TASK TO CARRY OUT: What is needed is every line of the material that contains "Toyota".

DATA IN THIS EXERCISE:
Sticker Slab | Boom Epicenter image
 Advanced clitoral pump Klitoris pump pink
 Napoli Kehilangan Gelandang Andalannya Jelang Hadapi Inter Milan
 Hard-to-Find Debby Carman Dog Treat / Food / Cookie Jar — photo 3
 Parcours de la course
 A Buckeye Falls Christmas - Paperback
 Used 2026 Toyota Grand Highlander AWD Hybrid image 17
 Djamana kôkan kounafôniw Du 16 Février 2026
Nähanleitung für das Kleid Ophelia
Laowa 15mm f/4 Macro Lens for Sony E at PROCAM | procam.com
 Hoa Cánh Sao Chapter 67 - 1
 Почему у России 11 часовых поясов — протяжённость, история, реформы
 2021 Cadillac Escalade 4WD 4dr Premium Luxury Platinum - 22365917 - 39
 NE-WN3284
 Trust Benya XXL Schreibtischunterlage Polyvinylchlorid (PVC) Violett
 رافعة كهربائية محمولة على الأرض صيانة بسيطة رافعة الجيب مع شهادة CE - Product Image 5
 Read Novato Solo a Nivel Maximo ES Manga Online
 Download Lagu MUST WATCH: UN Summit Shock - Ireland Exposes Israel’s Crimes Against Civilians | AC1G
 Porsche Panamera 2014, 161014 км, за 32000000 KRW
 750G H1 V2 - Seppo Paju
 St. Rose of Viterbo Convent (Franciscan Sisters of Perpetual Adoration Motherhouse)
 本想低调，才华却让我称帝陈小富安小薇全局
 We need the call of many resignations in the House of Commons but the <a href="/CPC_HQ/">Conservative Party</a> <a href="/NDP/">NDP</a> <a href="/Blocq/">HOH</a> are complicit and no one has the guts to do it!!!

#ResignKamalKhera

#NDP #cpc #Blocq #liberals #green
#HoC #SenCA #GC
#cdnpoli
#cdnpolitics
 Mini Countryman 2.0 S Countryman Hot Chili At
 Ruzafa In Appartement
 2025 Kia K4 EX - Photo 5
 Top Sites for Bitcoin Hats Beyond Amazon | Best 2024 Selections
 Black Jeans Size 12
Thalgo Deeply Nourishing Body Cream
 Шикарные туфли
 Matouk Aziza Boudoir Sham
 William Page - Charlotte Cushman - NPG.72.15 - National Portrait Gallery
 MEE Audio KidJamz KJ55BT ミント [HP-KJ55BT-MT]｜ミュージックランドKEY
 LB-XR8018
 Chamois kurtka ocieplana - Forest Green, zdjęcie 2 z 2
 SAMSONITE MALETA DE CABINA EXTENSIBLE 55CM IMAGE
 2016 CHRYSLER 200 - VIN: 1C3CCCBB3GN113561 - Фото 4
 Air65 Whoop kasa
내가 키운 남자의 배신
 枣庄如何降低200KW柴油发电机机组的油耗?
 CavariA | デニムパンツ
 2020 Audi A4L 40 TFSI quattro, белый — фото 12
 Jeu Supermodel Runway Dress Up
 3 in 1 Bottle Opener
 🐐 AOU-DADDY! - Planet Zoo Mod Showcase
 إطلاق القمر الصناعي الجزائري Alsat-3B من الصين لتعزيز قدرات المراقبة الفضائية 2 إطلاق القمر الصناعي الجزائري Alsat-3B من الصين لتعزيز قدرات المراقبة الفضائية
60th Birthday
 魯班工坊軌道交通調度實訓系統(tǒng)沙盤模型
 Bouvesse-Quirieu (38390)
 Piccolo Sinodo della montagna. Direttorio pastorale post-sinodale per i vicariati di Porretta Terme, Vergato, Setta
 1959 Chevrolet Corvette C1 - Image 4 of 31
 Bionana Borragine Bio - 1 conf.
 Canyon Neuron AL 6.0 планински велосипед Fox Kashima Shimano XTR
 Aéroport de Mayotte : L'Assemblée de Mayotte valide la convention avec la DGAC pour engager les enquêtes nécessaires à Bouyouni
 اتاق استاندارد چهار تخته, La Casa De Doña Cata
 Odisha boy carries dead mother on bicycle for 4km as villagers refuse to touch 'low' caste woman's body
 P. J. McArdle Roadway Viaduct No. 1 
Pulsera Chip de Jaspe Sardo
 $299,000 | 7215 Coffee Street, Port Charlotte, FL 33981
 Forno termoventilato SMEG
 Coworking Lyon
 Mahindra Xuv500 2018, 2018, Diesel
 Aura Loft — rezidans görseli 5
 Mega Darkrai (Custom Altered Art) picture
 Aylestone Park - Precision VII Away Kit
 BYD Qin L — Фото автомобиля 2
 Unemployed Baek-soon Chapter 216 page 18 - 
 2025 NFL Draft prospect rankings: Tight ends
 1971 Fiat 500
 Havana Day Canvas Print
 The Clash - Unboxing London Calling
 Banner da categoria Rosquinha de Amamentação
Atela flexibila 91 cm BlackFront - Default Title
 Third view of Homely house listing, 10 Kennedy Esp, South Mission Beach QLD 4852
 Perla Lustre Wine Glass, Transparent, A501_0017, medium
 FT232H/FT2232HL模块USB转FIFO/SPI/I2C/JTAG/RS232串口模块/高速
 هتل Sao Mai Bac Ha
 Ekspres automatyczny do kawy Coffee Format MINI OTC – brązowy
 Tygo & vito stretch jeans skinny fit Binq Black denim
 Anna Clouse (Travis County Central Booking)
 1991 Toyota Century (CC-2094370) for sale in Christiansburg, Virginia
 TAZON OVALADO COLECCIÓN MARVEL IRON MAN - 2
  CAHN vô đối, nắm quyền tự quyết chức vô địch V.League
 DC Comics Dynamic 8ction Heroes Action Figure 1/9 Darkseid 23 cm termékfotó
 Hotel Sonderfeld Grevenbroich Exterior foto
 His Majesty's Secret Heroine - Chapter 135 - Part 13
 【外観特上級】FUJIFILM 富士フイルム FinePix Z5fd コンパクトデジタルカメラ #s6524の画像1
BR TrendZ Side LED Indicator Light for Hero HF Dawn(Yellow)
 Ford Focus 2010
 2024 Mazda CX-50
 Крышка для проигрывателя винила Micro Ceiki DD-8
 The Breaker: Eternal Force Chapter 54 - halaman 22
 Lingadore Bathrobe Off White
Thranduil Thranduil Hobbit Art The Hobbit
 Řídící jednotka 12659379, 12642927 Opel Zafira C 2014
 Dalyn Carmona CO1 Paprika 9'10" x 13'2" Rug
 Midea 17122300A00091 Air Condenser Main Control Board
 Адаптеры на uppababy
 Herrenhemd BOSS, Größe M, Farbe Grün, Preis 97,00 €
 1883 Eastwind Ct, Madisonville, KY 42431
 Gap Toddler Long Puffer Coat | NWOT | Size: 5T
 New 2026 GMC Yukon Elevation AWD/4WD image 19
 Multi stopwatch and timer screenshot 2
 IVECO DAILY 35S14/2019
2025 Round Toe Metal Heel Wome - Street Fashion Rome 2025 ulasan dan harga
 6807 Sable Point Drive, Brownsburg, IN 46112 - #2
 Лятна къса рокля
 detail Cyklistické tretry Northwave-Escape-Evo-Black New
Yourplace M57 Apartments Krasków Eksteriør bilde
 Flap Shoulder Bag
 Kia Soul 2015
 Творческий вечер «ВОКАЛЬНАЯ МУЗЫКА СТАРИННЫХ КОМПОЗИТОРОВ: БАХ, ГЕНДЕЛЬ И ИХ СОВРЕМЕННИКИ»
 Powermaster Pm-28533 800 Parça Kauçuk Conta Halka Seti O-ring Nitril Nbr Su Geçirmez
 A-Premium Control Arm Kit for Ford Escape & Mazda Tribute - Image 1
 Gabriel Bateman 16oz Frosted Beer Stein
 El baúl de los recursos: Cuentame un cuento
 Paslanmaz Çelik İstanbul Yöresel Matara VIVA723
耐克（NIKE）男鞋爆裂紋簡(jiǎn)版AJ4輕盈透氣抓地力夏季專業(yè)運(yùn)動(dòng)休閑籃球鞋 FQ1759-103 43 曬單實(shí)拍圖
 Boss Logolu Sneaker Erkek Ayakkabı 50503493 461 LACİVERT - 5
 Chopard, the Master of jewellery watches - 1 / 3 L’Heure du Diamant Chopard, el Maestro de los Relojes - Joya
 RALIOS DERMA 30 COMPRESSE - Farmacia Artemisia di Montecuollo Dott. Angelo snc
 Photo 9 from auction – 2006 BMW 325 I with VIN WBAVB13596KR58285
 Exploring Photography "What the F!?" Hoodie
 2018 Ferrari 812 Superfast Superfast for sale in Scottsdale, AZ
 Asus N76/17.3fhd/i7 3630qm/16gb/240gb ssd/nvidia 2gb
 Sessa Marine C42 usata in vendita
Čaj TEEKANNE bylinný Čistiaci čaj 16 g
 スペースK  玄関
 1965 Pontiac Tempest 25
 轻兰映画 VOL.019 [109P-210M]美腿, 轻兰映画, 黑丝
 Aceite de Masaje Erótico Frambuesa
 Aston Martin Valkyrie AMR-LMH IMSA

EXERCISE SOLUTION:
 Used 2026 Toyota Grand Highlander AWD Hybrid image 17
 1991 Toyota Century (CC-2094370) for sale in Christiansburg, Virginia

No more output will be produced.